C'est évidemment LE grand film de la rentrée, celui dont on entend parler à tous les coins de rue : "Inglourious Basterds", de Quentin Tarantino, grand maître cinéaste incroyablement talentueux, complètement déjanté, culotté et hors-normes.

Je suis allée le voir hier soir seulement, c'est-à-dire presque 15 jours après sa sortie en salles. Mauvaise idée. Parce que comme tout le monde est couru le voir dès sa sortie, par conséquent je n'arrêtais pas d'en entendre parler. Eloges sur éloges, j'ai rarement vu un film qui faisait autant l'unanimité ! Du coup, c'est forcément un peu difficile d'avoir un regard neutre quand on s'apprête à le voir...

Ces "a priori" mis de côté, j'ai beaucoup aimé ce film et partage tous les compliments qui ont déjà pu être faits par les uns et les autres ainsi que par les critiques. C'est du très grand cinéma, et sans doute un des meilleurs films de Tarantino (bien que n'ayant pas vu tous ses films, je ne puisse me prononcer véritablement là-dessus). Un scénario, écrit par Tarantino lui-même, génialissime. Un suspense incroyable, avec une fin explosive (dans tous les sens du terme). Un découpage du scénario en 5 séquences, ce que j'ai trouvé génial. Des personnages grandioses. Christoph Waltz en tête bien sûr, LA grande révélation du film, dont tout le monde n'arrête pas de parler. Il mérite haut la main son prix d'interprétation à Cannes. "Comment, nous dit Première, en trente ans de carrière, cet acteur démentiel avait-il pu passer entre les mailles des filets des directeurs de casting et des réalisateurs de tout poil ?" On remercie Tarantino d'avoir voulu un acteur germanophone et trilingue pour ce rôle, et par conséquent, d'avoir décoché cette perle rare de 52 ans qui n'a rien fait d'autre que de tourner dans des petites séries allemandes (incroyable !).

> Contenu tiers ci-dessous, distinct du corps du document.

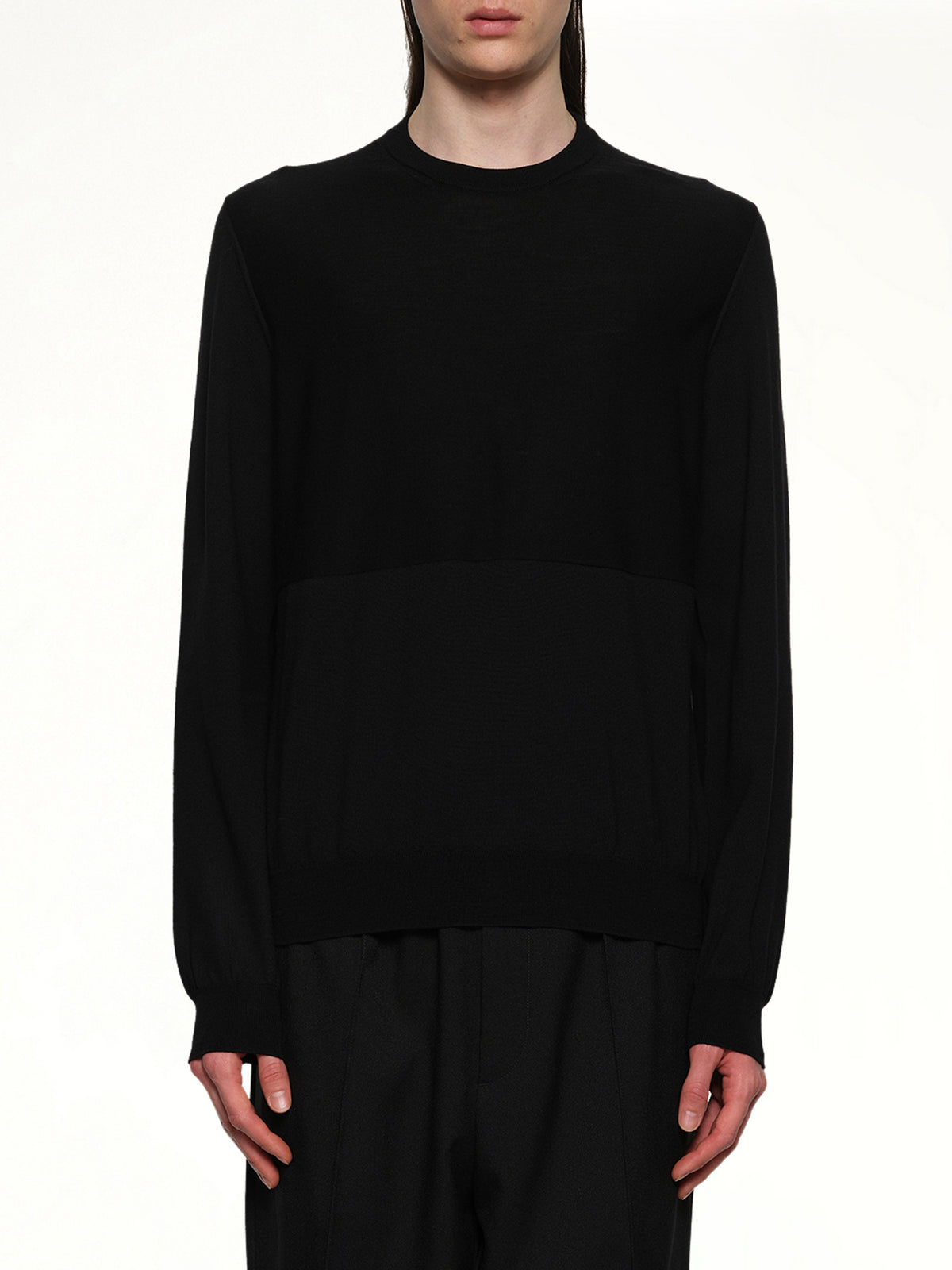 Superfine Merino Wool Sweater in Black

Sans doute n'a-t-on dorénavant pas fini de le voir sur le grand écran, et on s'en réjouit déjà...!
Mais les autres acteurs sont excellents aussi : Brad Pitt, hilarant en abruti psychopathe avec son accent lourd du sud des Etats-Unis, qui rappelle un peu son personnage d'abruti dans "True Romance", écrit par Tarantino et sorti en 1993. Apparemment, son personnage de Basterd lui plaisait tellement que même en-dehors des séquences de tournage, il continuait de jouer et de parler avec son accent, ce qui amusait toute l'équipe (on imagine).
Et Mélanie Laurent qui m'a agréablement surprise et qui, il faut le dire, confirme son talent de jeune comédienne plutôt douée.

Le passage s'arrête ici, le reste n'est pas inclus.